Nasza Loteria SR - pasek na kartach artykułów

Mieszkańcy bloku przy ulicy Nowej skarżą się na fatalny stan budynku. WTBS lekceważy ich prośby

Agnieszka Jędrzejczak
Pan Ryszard uważa, że blok wygląda jakby miał ponad 20 lat, mimo że został wybudowany niecałe 10 lat temu
Pan Ryszard uważa, że blok wygląda jakby miał ponad 20 lat, mimo że został wybudowany niecałe 10 lat temu Krzysztof Szymczak
Mieszkańcy bloku przy ulicy Nowej skarżą się na fatalny stan budynku. Twierdzą, że WTBS lekceważy ich prośby o remonty.

Sypiący się na głowę tynk, zapadające się chodniki, wilgoć i oblepione pajęczynami klatki schodowe - tak w dużym skrócie mieszkańcy bloku przy ulicy Nowej w Łodzi opisują stan budynku, w którym mieszkają. Ich zdaniem blok jest zaniedbany i zapomniany przez Widzewskie Towarzystwo Budownictwa Społecznego.

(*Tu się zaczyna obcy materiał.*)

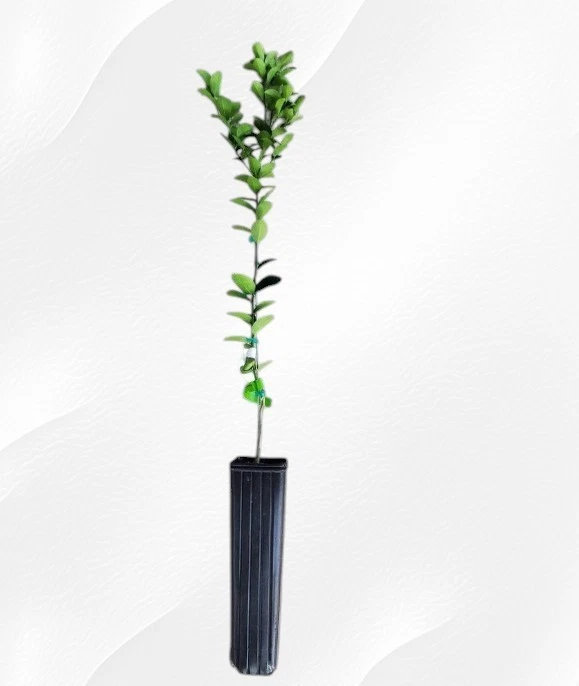 Tilo semienano llave mexicana 24"H interior tropical cítricos planta iniciadora viva Foto 2 de 2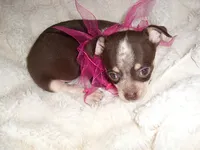 COCO BABY, a female Chihuahua for sale in Canton, MS – 4 of 5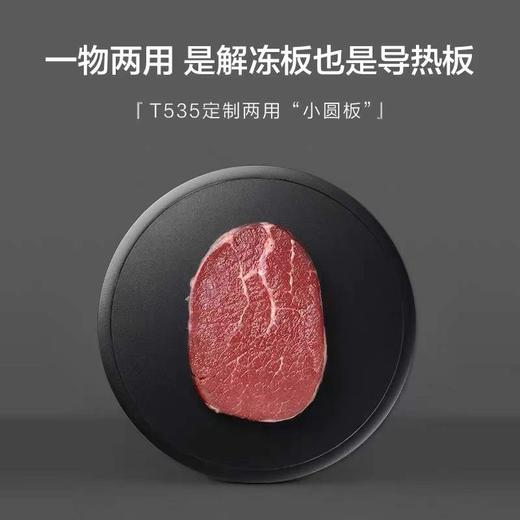 【已下架】预售 | Buydeem北鼎 导热板解冻二合一[福利品] 商品图0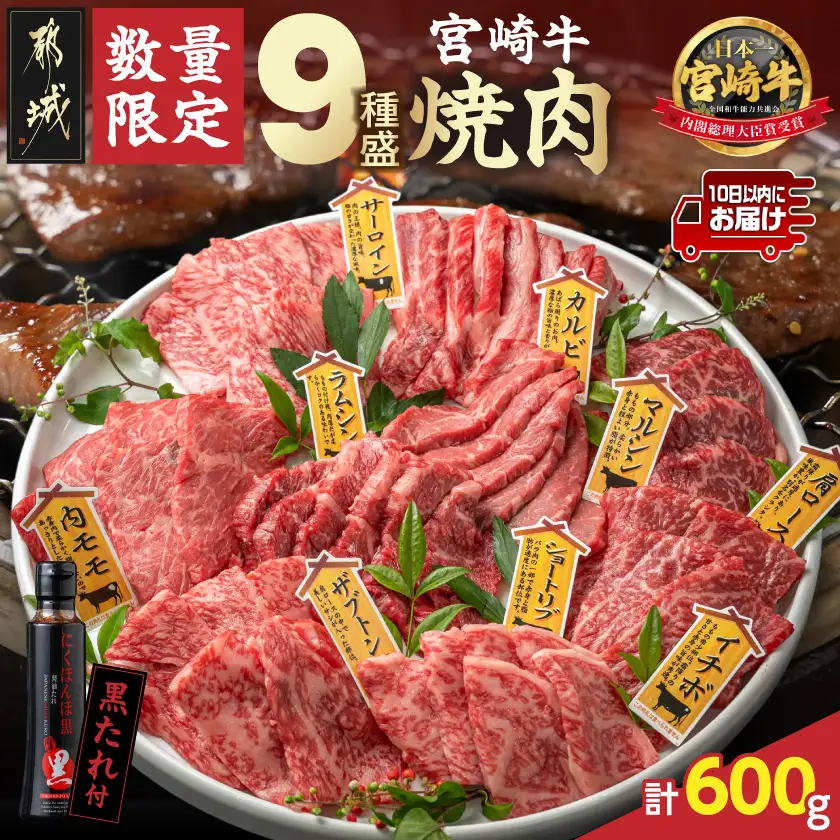 【数量限定】宮崎牛9種盛り焼肉セット≪みやこんじょ特急便≫〔22-31-006-600g-Q〕_(都城市) ギフト 贈答用 牛肉 タレ付き 国産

- Blok ma około 10 lat, ale wygląda na 25. Najwyraźniej został wybudowany po kosztach - wszystko się sypie, zapada, podchodzi wilgocią, a nasze prośby o interwencję są ignorowane. Remonty robione są sporadycznie i po łebkach - denerwuje się pan Ryszard, mieszkaniec bloku przy ulicy Nowej 40/44.

Lokatorzy wspominają, że ostatnimi poważnymi pracami, których nie mogli się doprosić od administratora, był remont elewacji, np. na balkonach. Kilkuletnia farba na ścianach zaczęła się łuszczyć i odpadać, w niektórych przypadkach razem z tynkiem. A to było niebezpieczne dla przechodzących osób, bo tynk mógł spaść komuś na głowę.

- Budynek nie był konserwowany przed zimą ani też po zimie, ściany naciągają wilgocią i wychodzi zagrzybienie - oburza się pani Małgorzata, mieszkanka WTBS przy Nowej. - Po wielu naszych prośbach pracownicy zaczęli remontować balkony, ale tylko niektóre i szybko stracili zapał. Płacimy wysoki czynsz, a jesteśmy lekceważeni. WTBS sporadycznie odpowiada na pisma lub je całkowicie lekceważy - dodaje.

W najgorszym stanie, prócz sypiących się balkonów i zapadającej kostki na chodniku i parkingu, wydaje się być jedna ze ścian od strony podwórka. Praktycznie cała pokryta jest zielonoczarnym nalotem. Mieszkańcy obawiają się, że może to być zagrzybienie, a administracja nic z tym nie robi. Zaniedbane są klatki schodowe, które zdaniem mieszkańców sprzątane są za rzadko. Problem jest z instalacją, bo żarówki na klatkach przepalają się po kilku dniach.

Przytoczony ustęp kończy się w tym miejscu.